Le budget des Danaïdes

Selon la mythologie grecque, les 50 filles du roi Danaos avaient été condamnées à remplir éternellement aux Enfers un tonneau dont le fond était percé. L’expression en est restée pour désigner une tâche impossible ou sans fin. Le Premier ministre, François Bayrou, lui, sait pertinemment qu’il n’a pas l’éternité devant lui, et il a choisi de prendre les devants pour tenter d’enfoncer le clou de la préparation du budget 2026, alors que 2025 aura déjà bien du mal à se boucler sans déficit supplémentaire. C’est donc au cœur de l’été qu’il a « invité » les partenaires sociaux à se concerter sur certains points, notamment l’assurance chômage dont la dernière réforme ne remonte qu’à 6 mois.

Il a également relancé la mesure polémique concernant la suppression de deux jours fériés, en proposant aux syndicats et au patronat le choix des dates au lundi de Pâques et au 8 mai. Les dates peuvent être négociées, du moment que le rendement est garanti. Autant dire que c’est une manœuvre destinée à détourner l’attention de l’essentiel, qui est de faire payer aux salariés, et à eux seuls, le gain attendu de 4,2 milliards d’euros, qui seront versés au budget de l’état par l’intermédiaire d’une contribution des entreprises. Ce que François Bayrou ne dit pas, et que le président du syndicat des cadres CFE-CGC, François Hommeril, a dévoilé hier sans être pour l’instant démenti, c’est que 2 jours fériés « rapportent » 1 % de la masse salariale, soit 8 milliards d’euros, dont les entreprises ne reverseraient que la moitié à l’état. Pendant que l’on discuterait du choix des dates, on laisserait en place le principe d’un allongement du temps de travail annuel, façon déguisée de rogner encore sur la mise en place des 35 heures, et alors que la perspective d’un hypothétique « plein emploi » fixé arbitrairement à 5 % de taux d’un chômage de moins en moins indemnisé s’éloigne régulièrement.

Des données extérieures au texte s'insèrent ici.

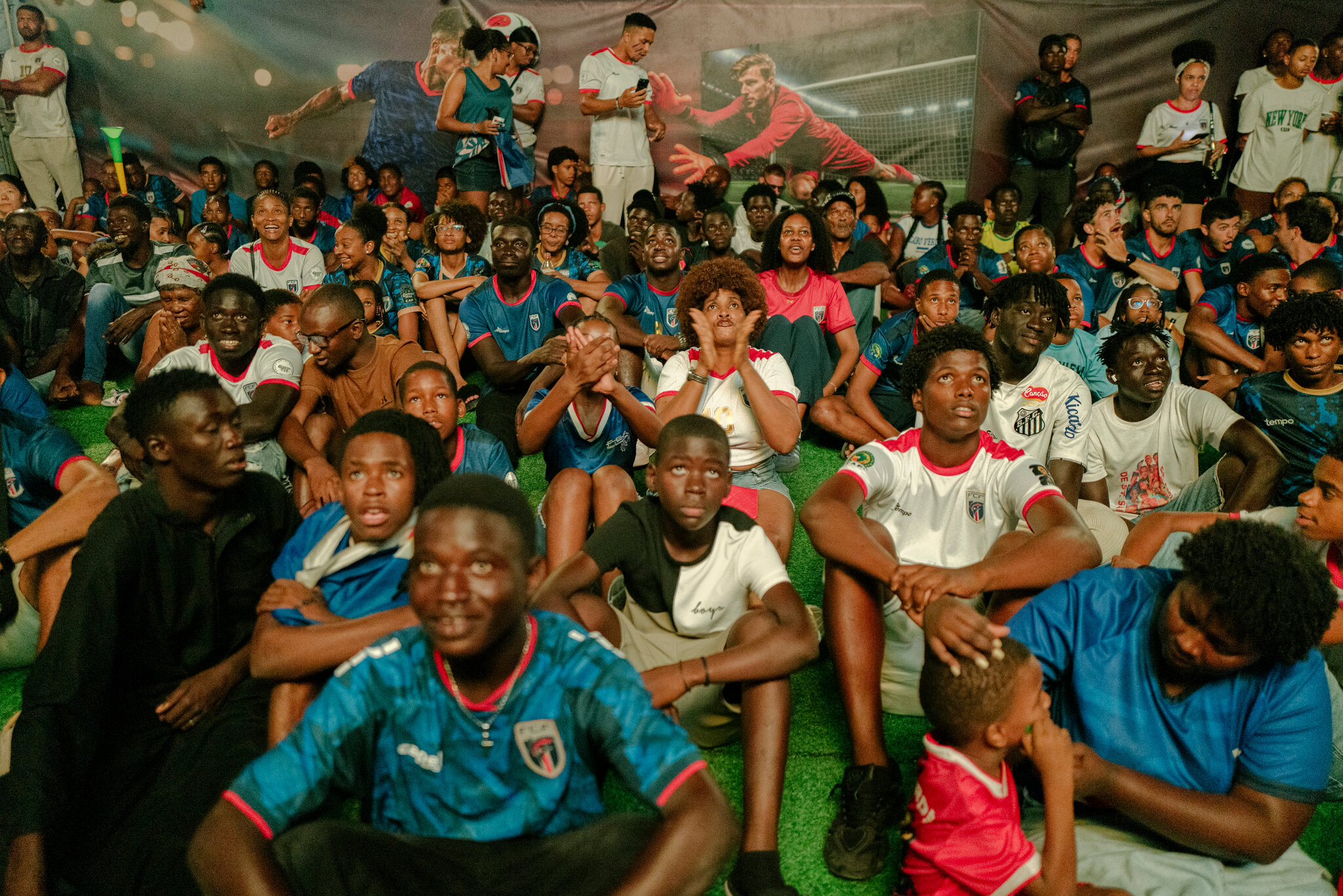 For Cape Verde, There’s Victory in Defeat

Le précédent de la suppression du lundi de Pentecôte comme jour férié sous le gouvernement Raffarin en 2004 pour financer la solidarité avec les personnes âgées n’incite guère à l’optimisme. Le lobby du tourisme a obtenu des aménagements qui ont vidé la mesure de son sens originel. La journée de solidarité, est désormais à géométrie variable, 70 % des Français ne travaillent pas ce jour-là, qui a été rétabli en 2008 comme férié. La recette qui continue à être perçue est très loin de suffire aux besoins du vieillissement de la population. François Hommeril va même plus loin en doutant que le patronat joue le jeu de la future taxe et se rattrape sur des non-augmentations de salaire. Quant au budget de l’état, faut-il rappeler qu’il est global et qu’aucune recette ne peut être affectée à une dépense particulière ? Souvenons-nous de la défunte vignette automobile dont les vieux n’ont jamais vu la couleur de l’argent.